I'd like the entries reproduced exactly, with the images omitted.
• • • • •
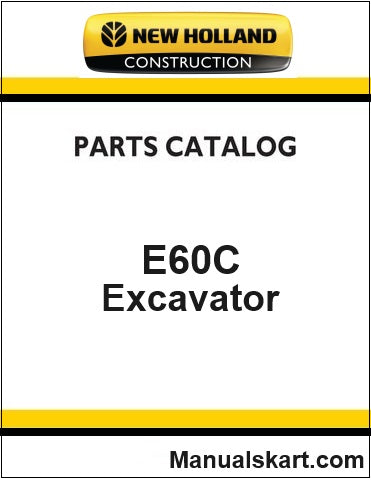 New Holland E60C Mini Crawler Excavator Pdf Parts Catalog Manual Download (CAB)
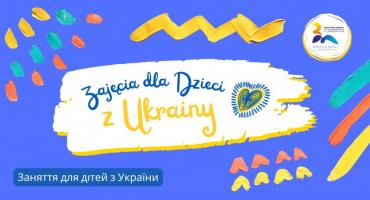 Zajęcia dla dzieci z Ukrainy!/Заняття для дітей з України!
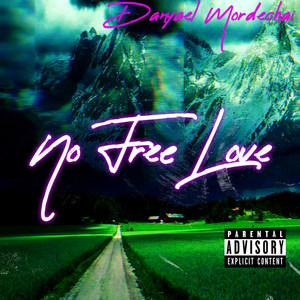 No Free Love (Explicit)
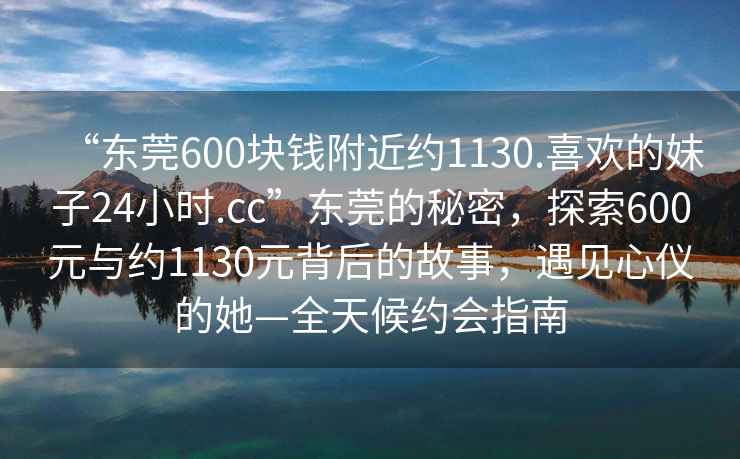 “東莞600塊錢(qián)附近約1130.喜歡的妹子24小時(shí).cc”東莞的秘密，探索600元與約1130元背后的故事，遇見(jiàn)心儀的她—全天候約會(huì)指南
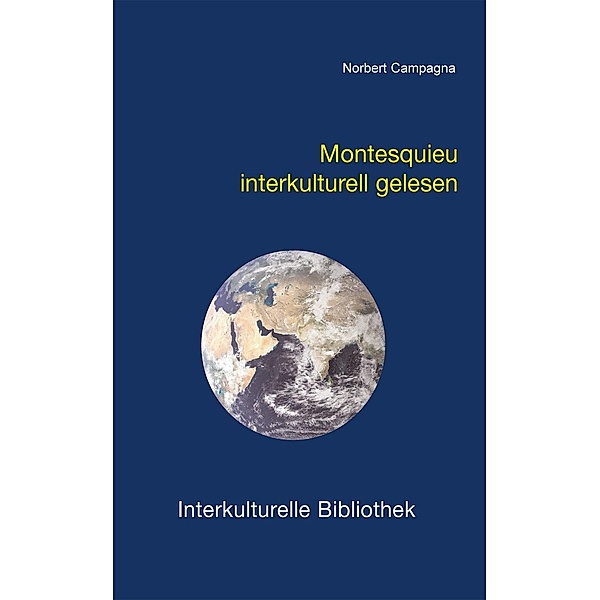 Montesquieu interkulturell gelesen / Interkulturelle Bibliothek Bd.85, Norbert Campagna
• • • • •
*Solution*.
 New Holland E60C Mini Crawler Excavator Pdf Parts Catalog Manual Download (CAB)
 Zajęcia dla dzieci z Ukrainy!/Заняття для дітей з України!
 No Free Love (Explicit)
 “東莞600塊錢(qián)附近約1130.喜歡的妹子24小時(shí).cc”東莞的秘密，探索600元與約1130元背后的故事，遇見(jiàn)心儀的她—全天候約會(huì)指南
 Montesquieu interkulturell gelesen / Interkulturelle Bibliothek Bd.85, Norbert Campagna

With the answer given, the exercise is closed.